The Detroit Lions won 15 games and earned the No. 1 playoff seed for the first time in franchise history last season, but of course it ended in disappointing fashion with a Divisional Round loss to the Washington Commanders. They wouldn't be the first team to suffer a playoff disappointment as a proverbial favorite to go much further, and Peyton Manning in particular can relate.
Manning said he reached out to Campbell via text after the Lions lost to the Commanders.
"I said, ‘I know how you feel, I’ve been there, and it’s not a good feeling,’” Manning said on Monday night, via Joel A. Erickson of the Indianapolis Star. “’Understand that, but we did win the whole thing the next year.’ You just kind of keep sawing wood.”
The 2005 Indianapolis Colts, led by Manning of course, started 13-0 on their way the No. 1 seed in the AFC. The No. 6 seed Pittsburgh Steelers came to town and pulled off the upset, in the worst of the Colts' disappointing playoff exits during that stretch of years.
Manning recognized how that kind of playoff loss, and one like the Lions' suffered, might cause an organization to alter what its doing going forward.

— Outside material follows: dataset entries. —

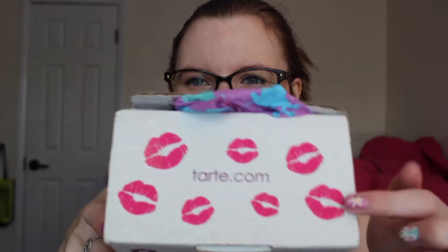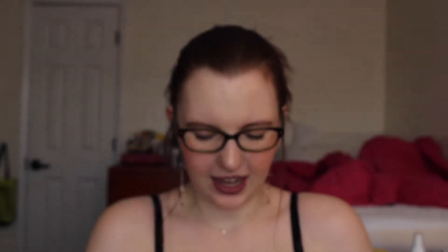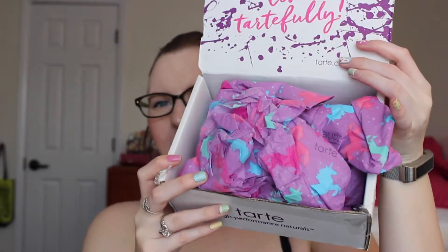First, I just love this side here — it has Tarte in little lips. I'm not sure if I've ever gotten anything from Tarte, or maybe I have, but they've changed their packaging, so I love that. And then when you open it up, it says 'Live Tarte Fully.' I think that's so cute with the paint splatter. It was packaged nicer than this, but here you have your little — so adorable — tissue paper. It has little unicorns on it and Tarte. I'm honestly thinking about saving this tissue paper because it was just too cute to throw away.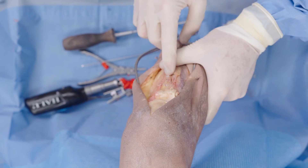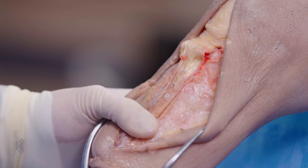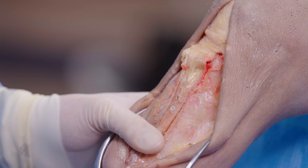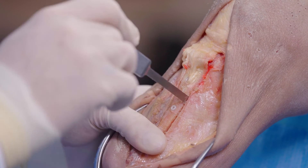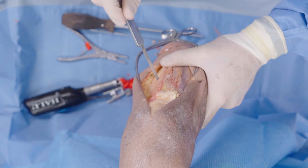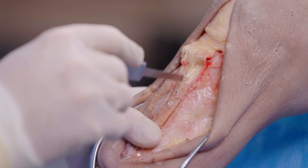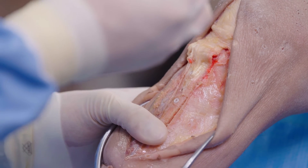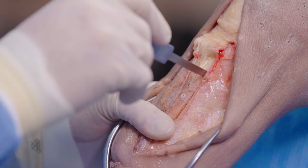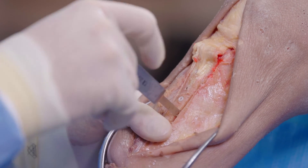You can see that we are countersunk with our osseo screws, and this has great compression. If I try to pry the osteotomy out, I cannot — we've got great compression here. One of the fun things you're going to see is on your post-operative films, you'll be able to see the osteotomy site but you won't be able to see any metal screws. This has been my absolute go-to.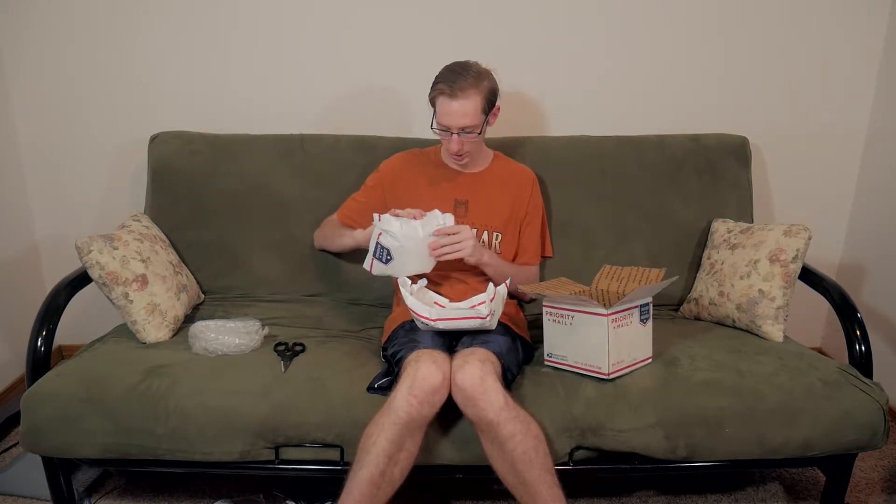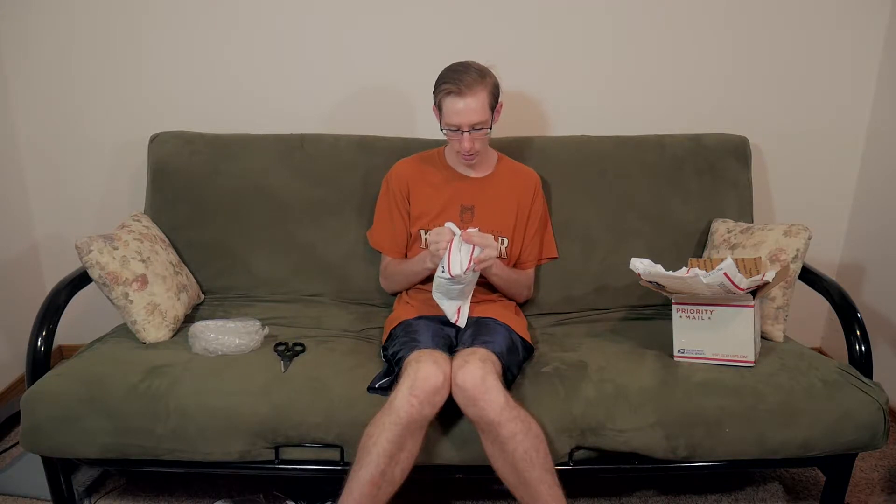I just wanted something that did better in low light. Very interesting packaging method — I guess I got free packaging materials. I just wanted something that was going to be easier to use for some of my videos. The 25mm is the right focal length; I just wanted something to do this a little better in low light.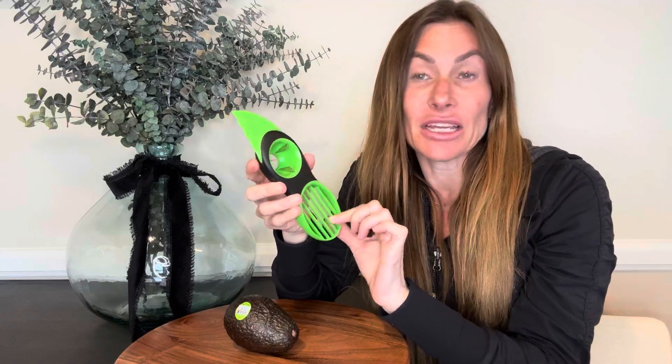Hi folks, this is Heather and today I'm here with an up-close look at this multi-use avocado tool. I'm going to show you how to use it and hopefully this will help you with your decision. It has a few different areas that are useful for a variety of things.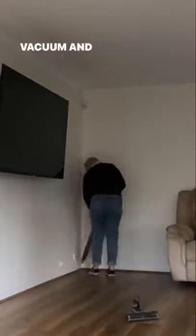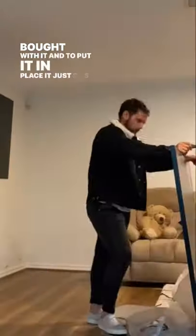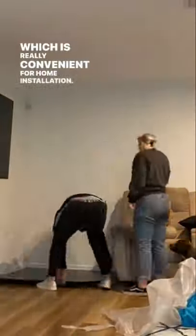We've brought it home and now this is just me cleaning out the space where it's going to sit and giving it a quick vacuum. Then we're going to bring in the hearth that we bought with it and put it in place — it just sits on top. You don't need anything special for it, it doesn't glue down. Just really convenient for home installation.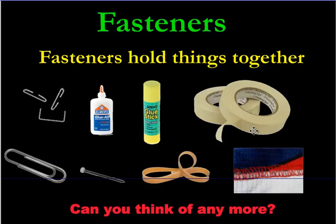And there are so many types of fasteners in the world. I've got eight here on the screen in front of me. See if you can think of any more once we're done talking about these eight.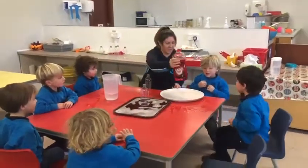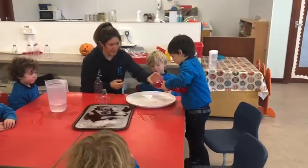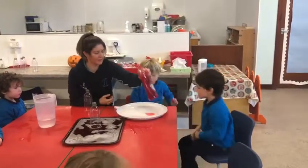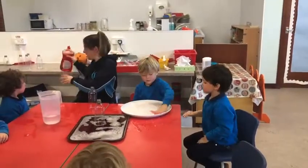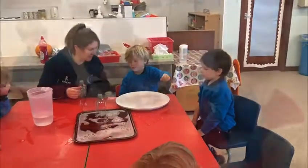And Oscar, can you pour some soap in for me? That's perfect, Oscar. And then Thomas, can you mix it up? Can you mix it up? Oh, what's happening here?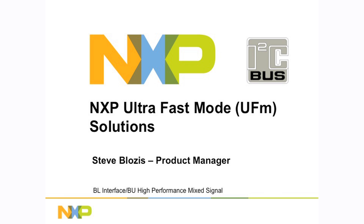Hi, this is Steve Lozos from NXP. I'm a product manager for I2C devices, and today we're going to be talking about the new ultra-fast mode solutions from NXP.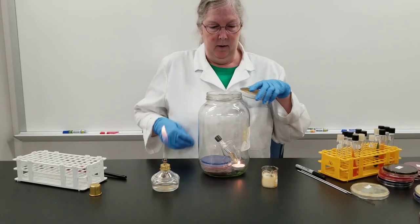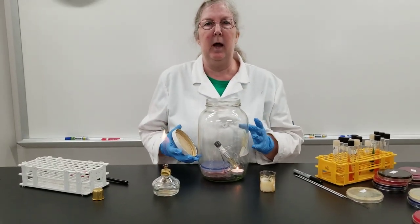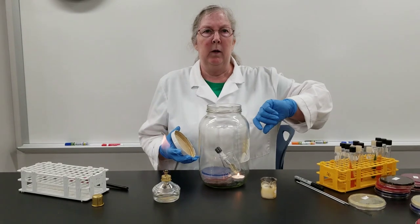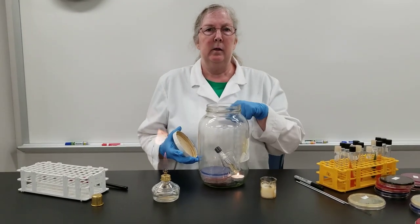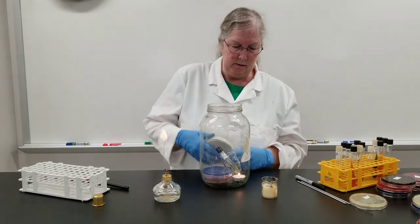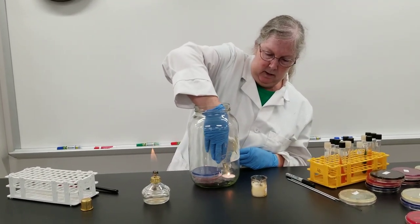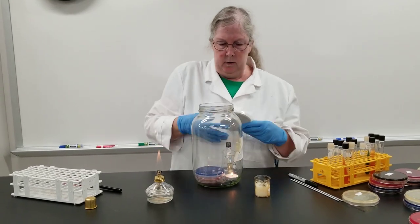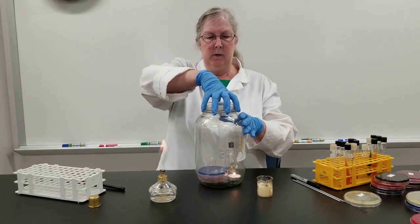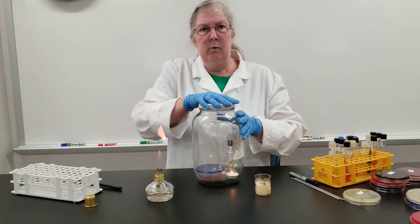This is a fancy candle jar. Hospitals often have special packs where you break a little ampule, stick it in there and it ties up all the oxygen. We go for the less expensive but tried and true way of having basically a pickle jar with a candle in it. We use the premise that when we seal this up, the fire is going to burn only as long as there's adequate oxygen in there.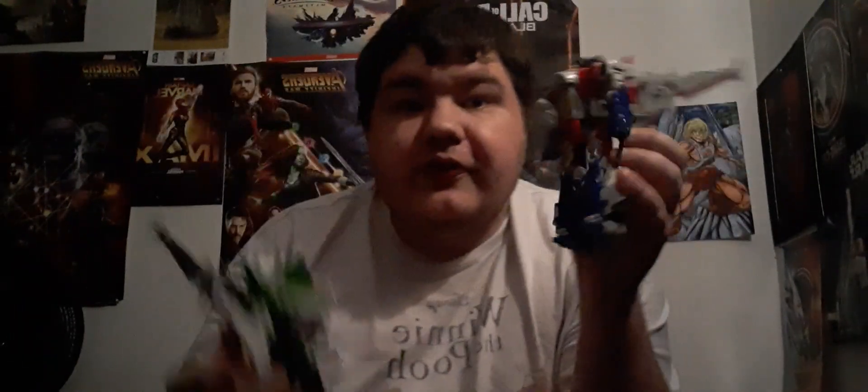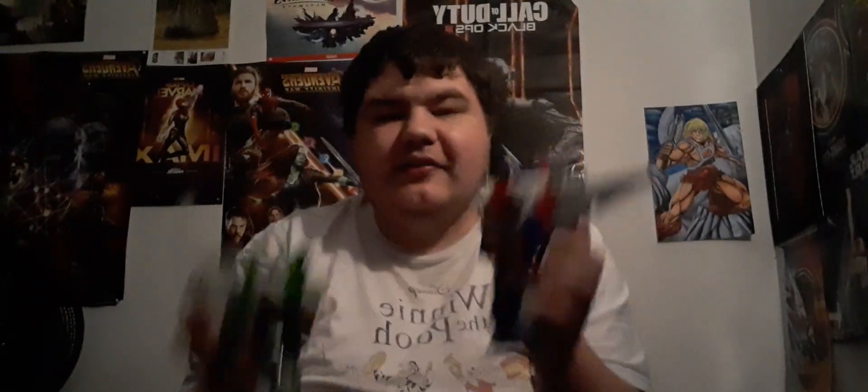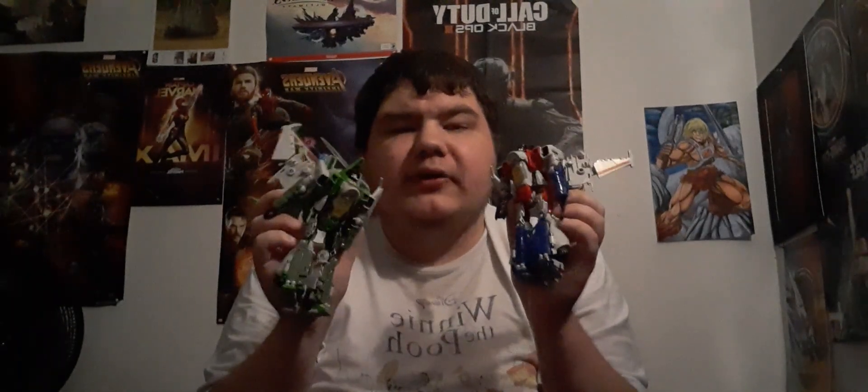Next up I got Studio Series Bumblebee Starscream and Thrust — these replaced the War for Cybertron Starscream. My little sister's favorite was Thrust because of the cone head. I just need to find a Thundercracker, and we're possibly getting a Skywarp next year, so I'll have four seekers for the Bumblebee movie. Very happy to have my first two seekers.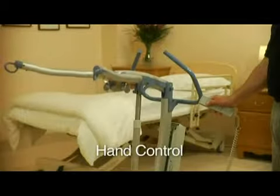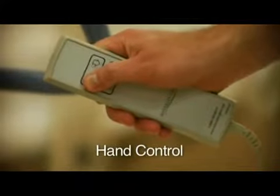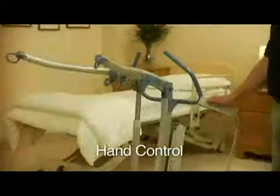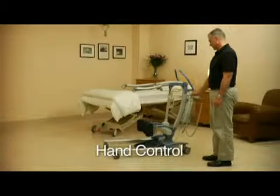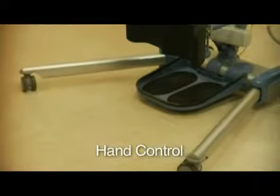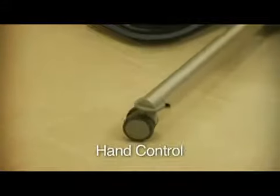Using the hand control, you can raise and lower the S440's boom and open and close its base. Pressing the button with an arrow indicating up raises the boom, and pressing the one with an arrow indicating down lowers it. Pressing the button on the left opens the base, and pressing the button on the right closes it.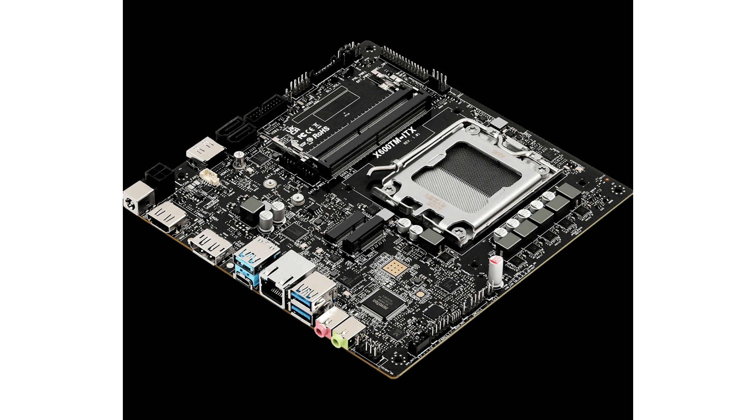The ASRock X600TM ITX motherboard, on the other hand, does not possess the ability to handle higher-end chips and doesn't utilize any dedicated heatsinks over the VRM for cooling. The X600TM motherboards are ideal for mini PCs, AIO solutions, and home theater PCs due to their compact form factor without sacrificing the necessary features.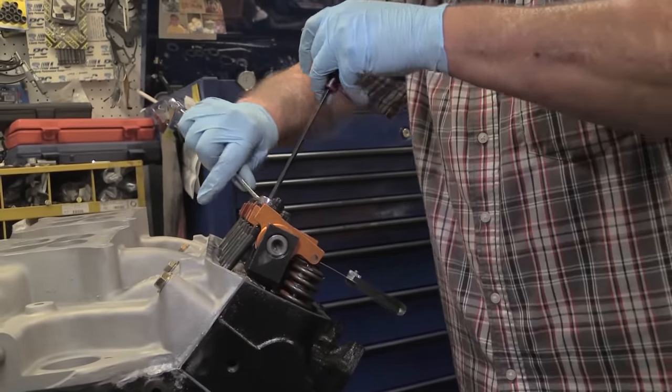On the dyno, the 498 cubic inch 427 made tons of torque all day long and was happy doing it. Considering that this engine still uses the original cylinder heads, intake, carburetors and more, punching out over 470 horsepower and righteous amounts of torque on pump gas, you've got to admit it's pretty impressive. And once it's back home in the car, there will be no visual clues that this FE has been punched out to nearly 500 cubic inches.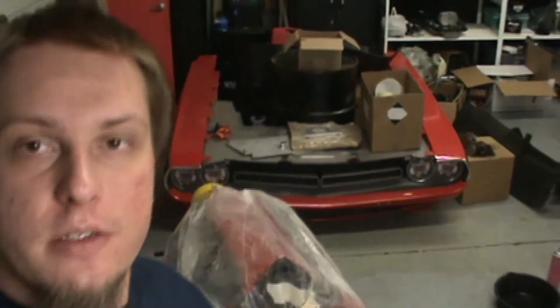You guys will see a little bit later what's going on with this. That big red thing in the background should give you a hint — it's going to be a fun bracket car. It's a 6.4 block and we've got a little surprise as far as the rods and pistons go, with more surprises along the way. It's going to be a learning experience as I get to learn Holley Dominator electronic fuel injection — I have no knowledge of it at all. I hope this video was helpful. If you like what you see, please subscribe, and thanks for watching.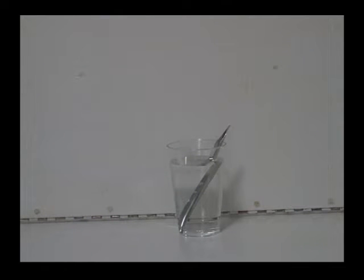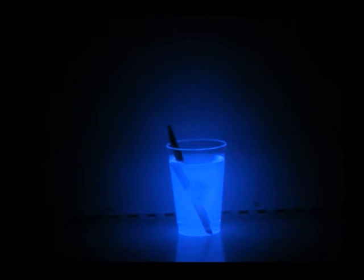There's the luminol solution. Lights please. One dim light for the stage hand to get back in place, turn off the dim light, add one drop of blood, stir. There's the chemiluminescence.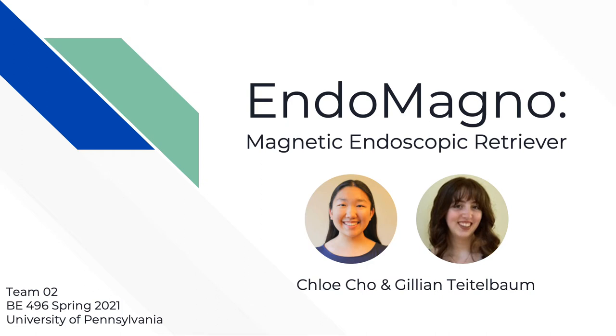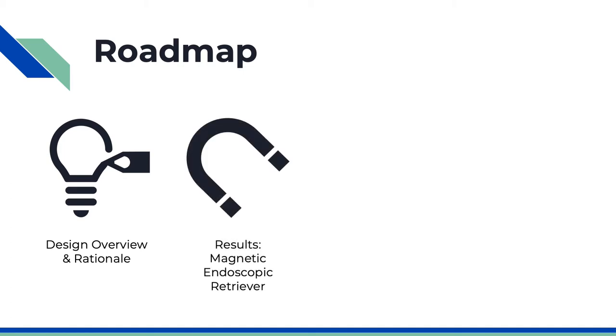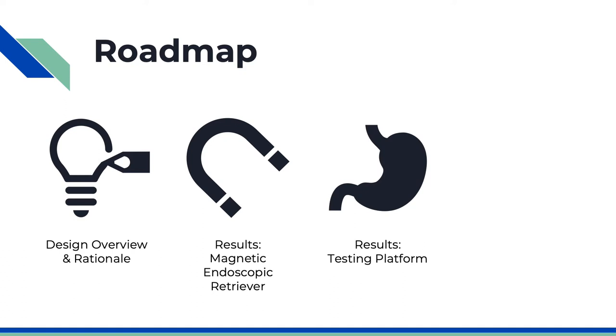Hi everyone, this is Chloe and Jillian. Our senior design project is Endomagno, a magnetic endoscopic retriever for use in pediatric gastroenterology. In this presentation, we'll go through an overview of our medical device design. We will then discuss results for our magnetic endoscopic retriever and upper GI endoscopy testing platform.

"That was the kind of loss that could probably make an organization say, ‘Let’s change everything. … Let’s kind of blow the whole thing up and start over,’” Manning said. “Or your organization and owner can say, ‘Hey, we’re doing something right, let’s keep going.’”
Peyton Manning's message is sure to resonate with the Lions
Using how the Colts rebounded in 2006 to win the Super Bowl, Manning had a message that feels like it will resonate well with the Lions.
"We’d been knocking on the door, and we were coming close,” he said. “We were obviously doing something right. Just needed to do a little bit more, and ‘Finish’ kind of became the theme of that season.”
Steady leadership, like the Colts had during the peak of the Manning era and the Lions have now, prevents the push for drastic changes after disappointing playoff losses. Now the Lions just have to "finish" like the Colts did.